Segment Start: Entries provided

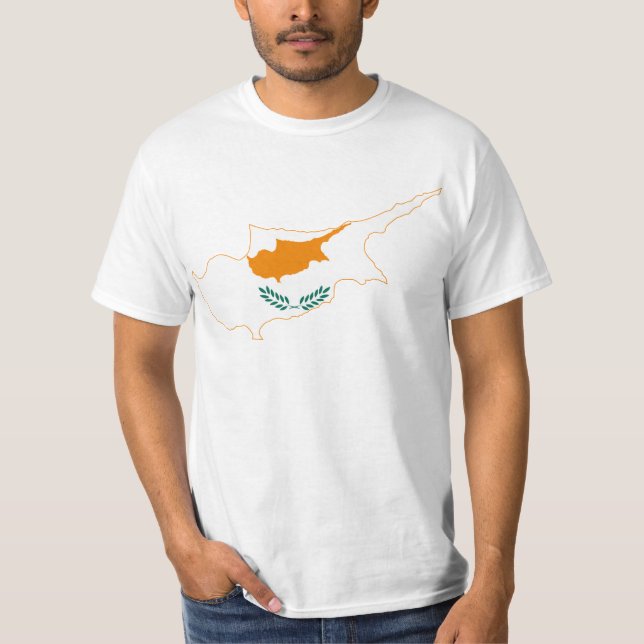 Cyprus Flag map CY T-Shirt (Front)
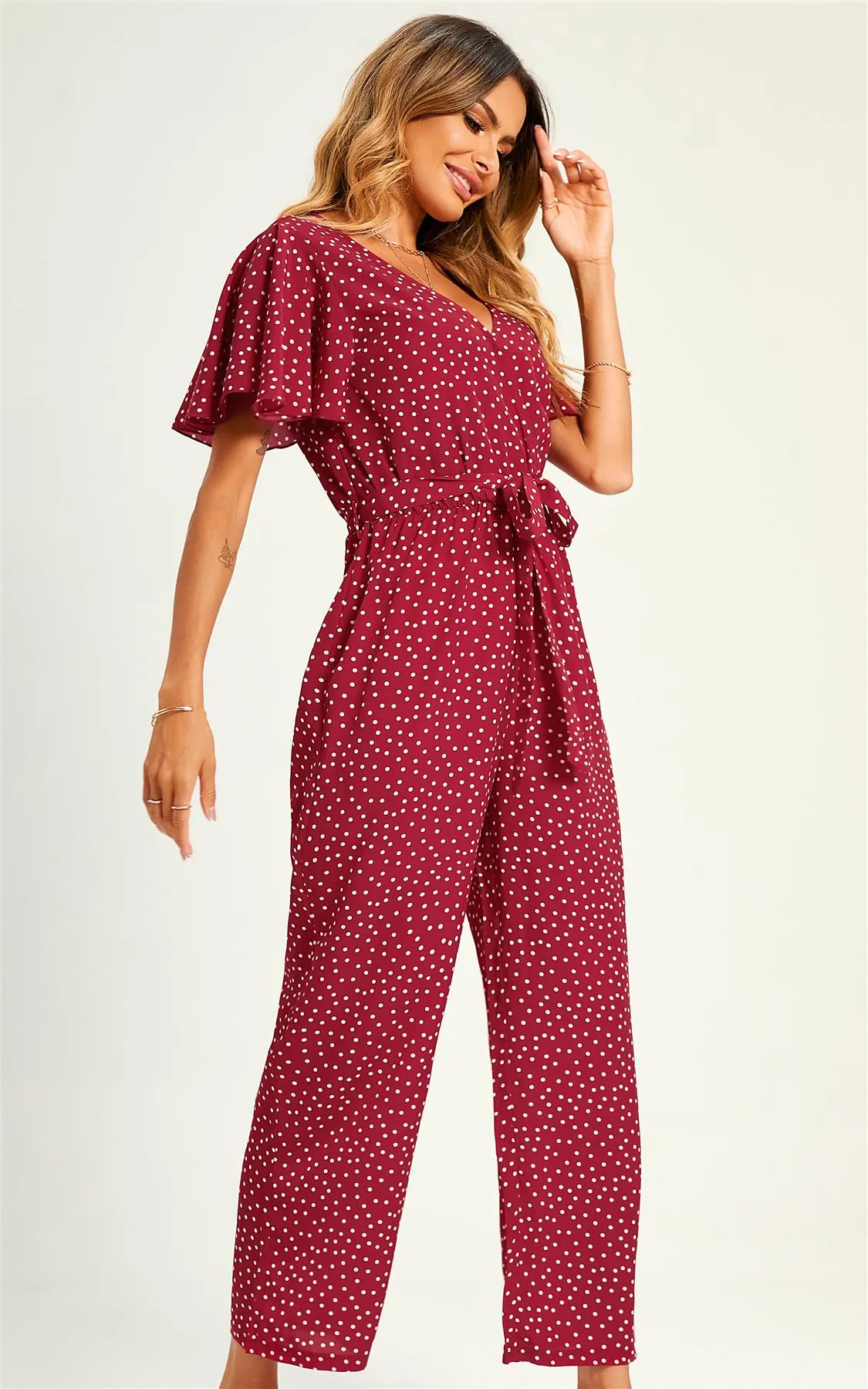 Polka Dot Angel Sleeve  Culotte Jumpsuit In Red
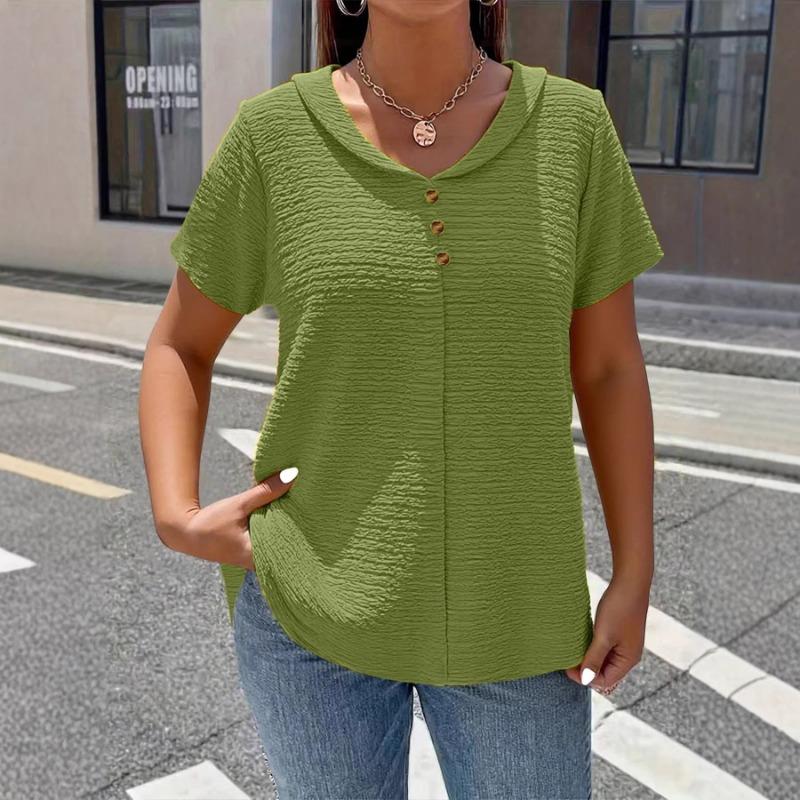 Camiseta Elegante Gola Boneca Tamanho Grande para Mulheres Cor Sólida Manga Curta Botões Plissados Tops Verão Solta Casual Simples Doce Camisa Roupa Feminina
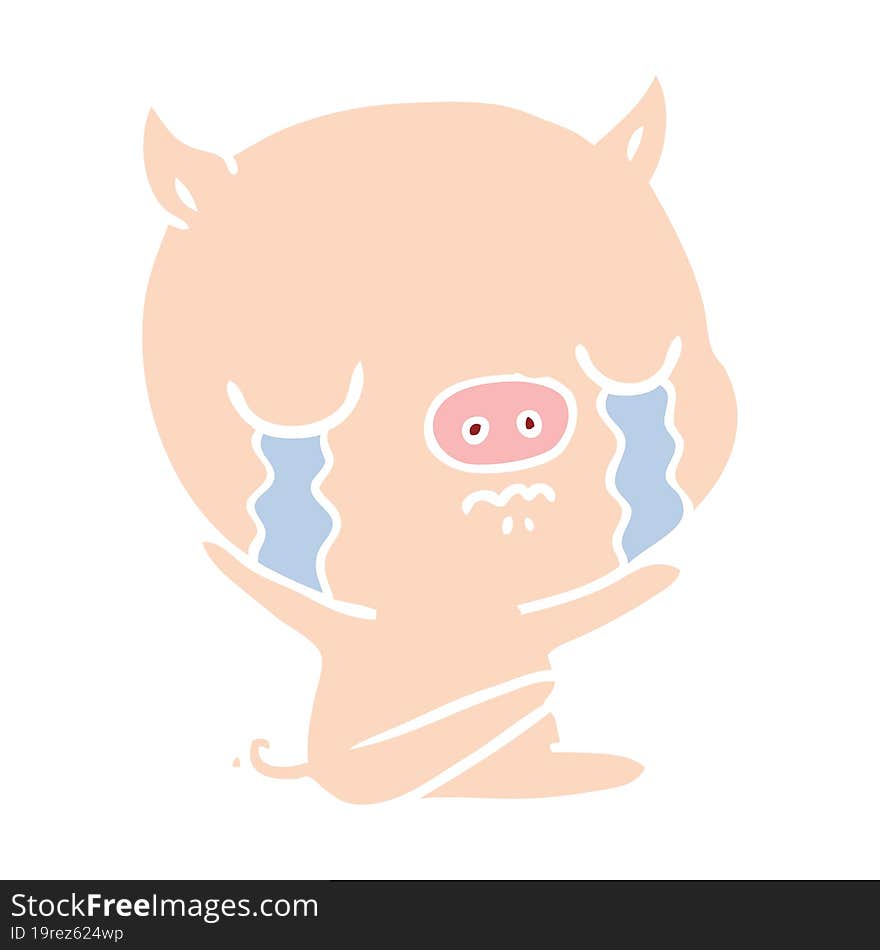 flat color style cartoon sitting pig crying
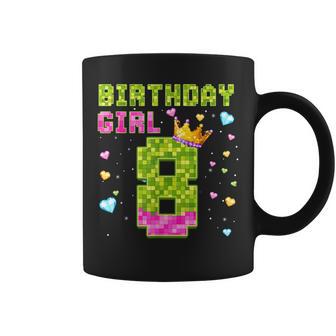 Birthday Girl Pink It's My 8Th Birthday Video Game Pixel Coffee Mug - Thegiftio UK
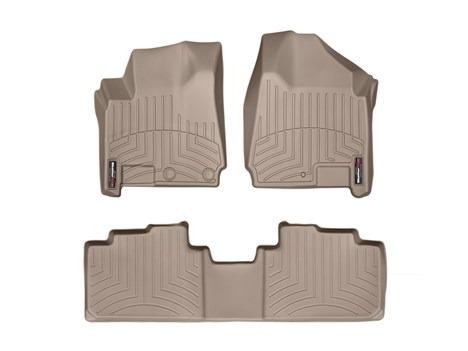 Weathertech custom fit tan front & rear floor liner set 2010-2013 cadillac srx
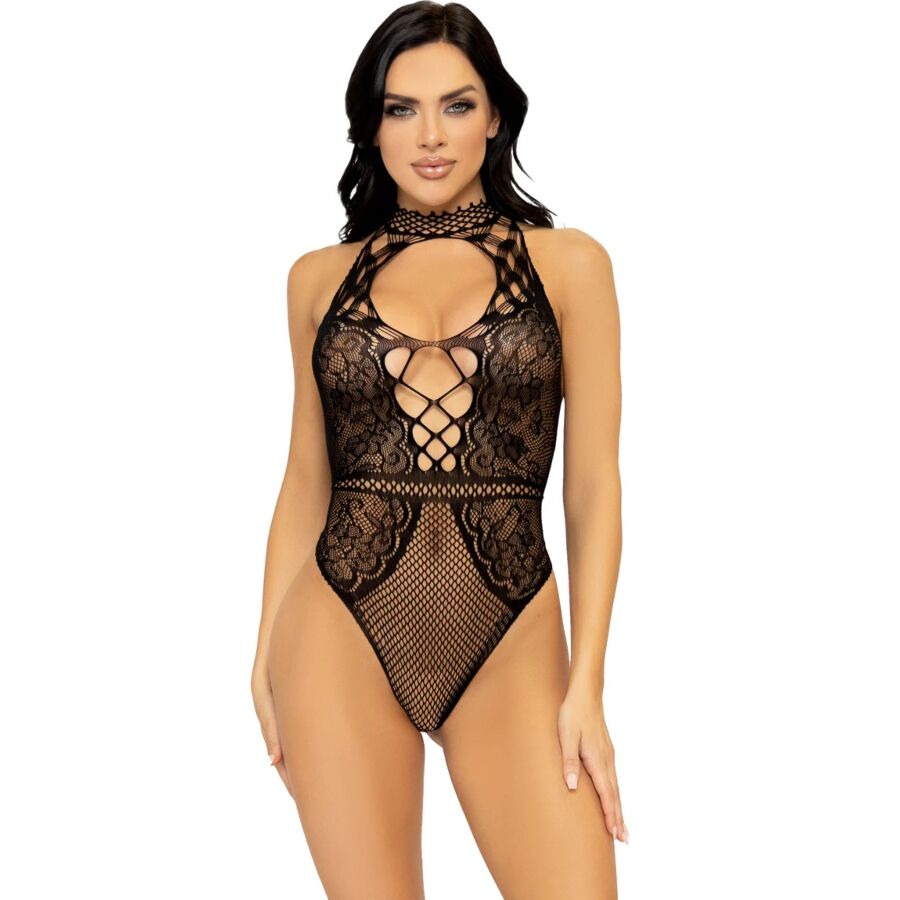 LEG AVENUE - NET AND LACE KEYHOLE HALTER BODYSUIT ONE SIZE - My naughty haven #
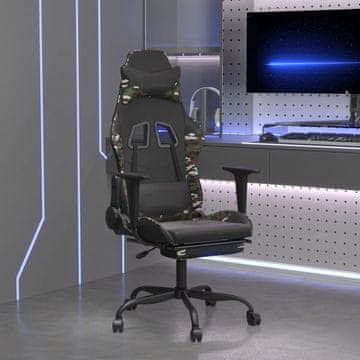 Vidaxl Gamerska stolica s osloncem za noge, crna i kamuflažna, umjetna koža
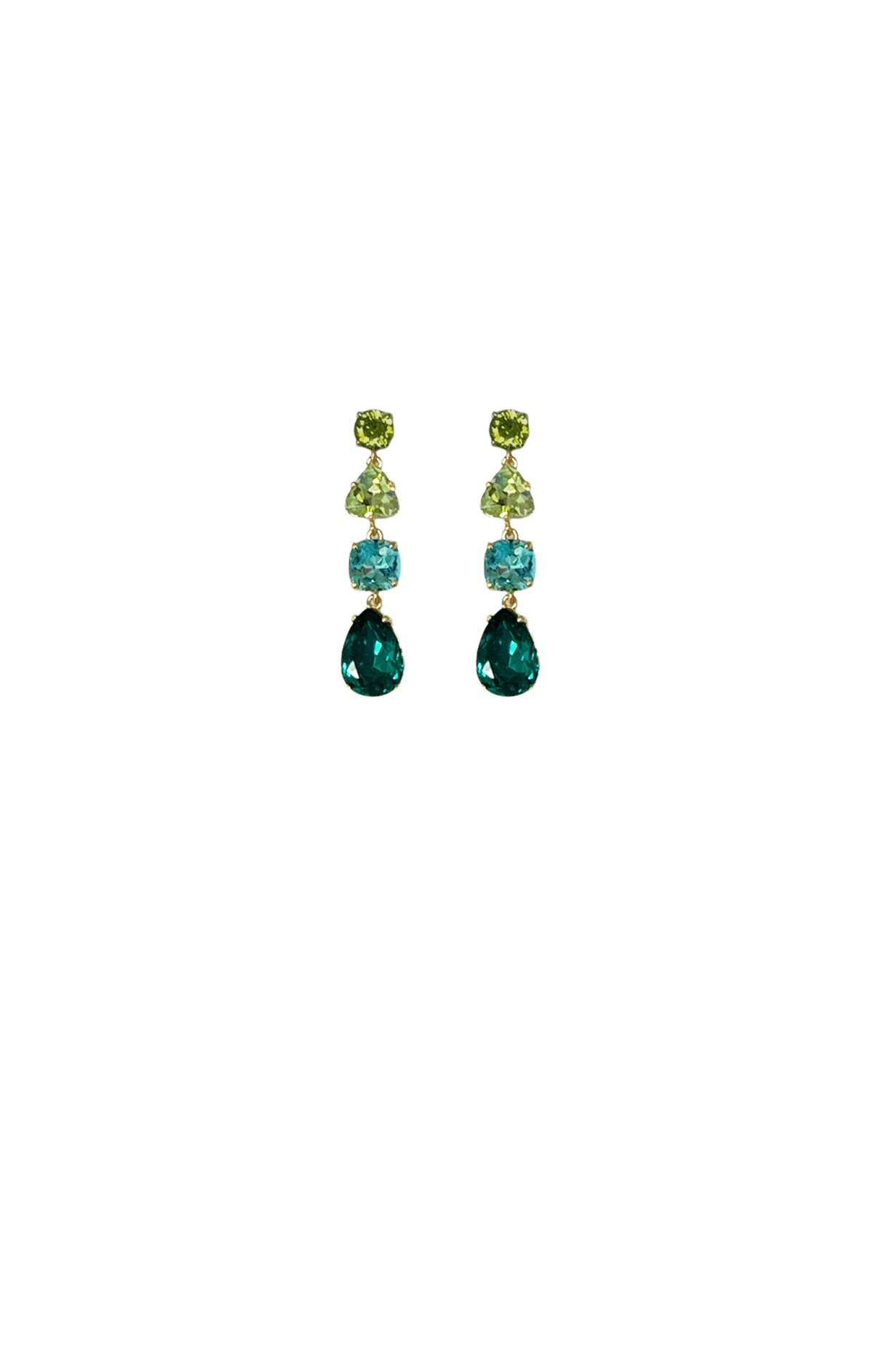 ACCESSORIES Earrings One Size / Green ZAHARA DROP EARRINGS IN GREEN AND GOLD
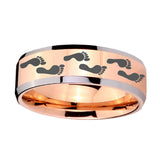 10mm-Foot-Print-Beveled-Edges-Rose-Gold-Tungsten-Carbide-Custom-Mens-Ring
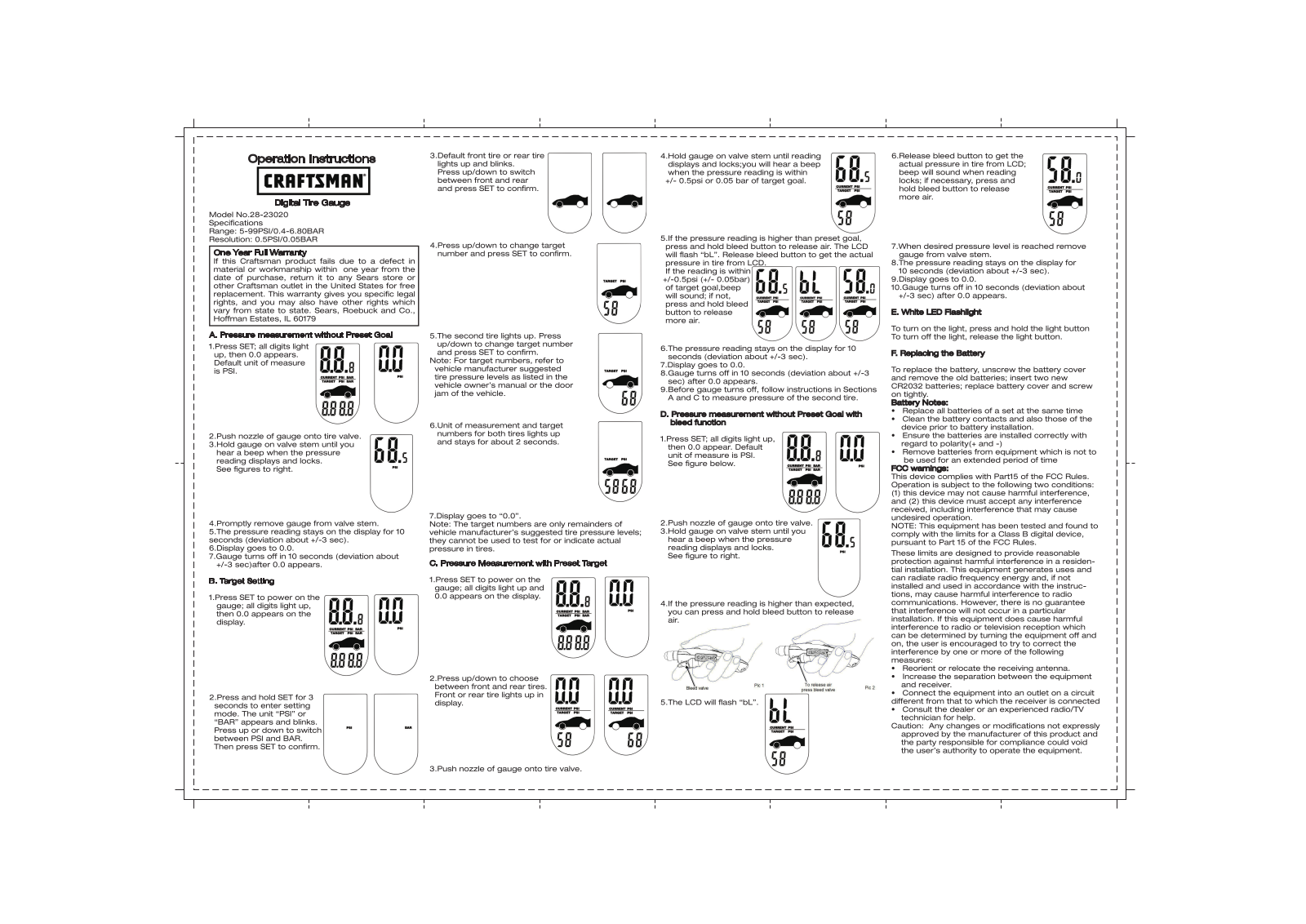 Craftsman 28-23020 User Manual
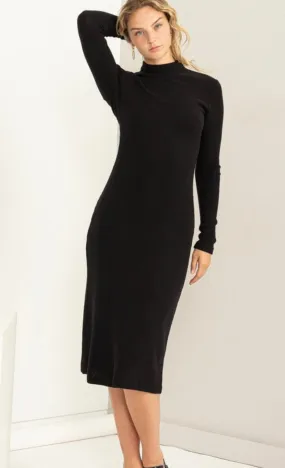 Riley Ribbed Black Fitted Long Sleeve Dress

Segment End: Entries provided

Print the data exactly, from its first line to the line containing "ACCESSORIES Earrings One", both included. Omit the pictures.

> Response below:
 Cyprus Flag map CY T-Shirt (Front)
 Polka Dot Angel Sleeve  Culotte Jumpsuit In Red
 Camiseta Elegante Gola Boneca Tamanho Grande para Mulheres Cor Sólida Manga Curta Botões Plissados Tops Verão Solta Casual Simples Doce Camisa Roupa Feminina
 flat color style cartoon sitting pig crying
 Birthday Girl Pink It's My 8Th Birthday Video Game Pixel Coffee Mug - Thegiftio UK
 Weathertech custom fit tan front & rear floor liner set 2010-2013 cadillac srx
 LEG AVENUE - NET AND LACE KEYHOLE HALTER BODYSUIT ONE SIZE - My naughty haven #
 Vidaxl Gamerska stolica s osloncem za noge, crna i kamuflažna, umjetna koža
 ACCESSORIES Earrings One Size / Green ZAHARA DROP EARRINGS IN GREEN AND GOLD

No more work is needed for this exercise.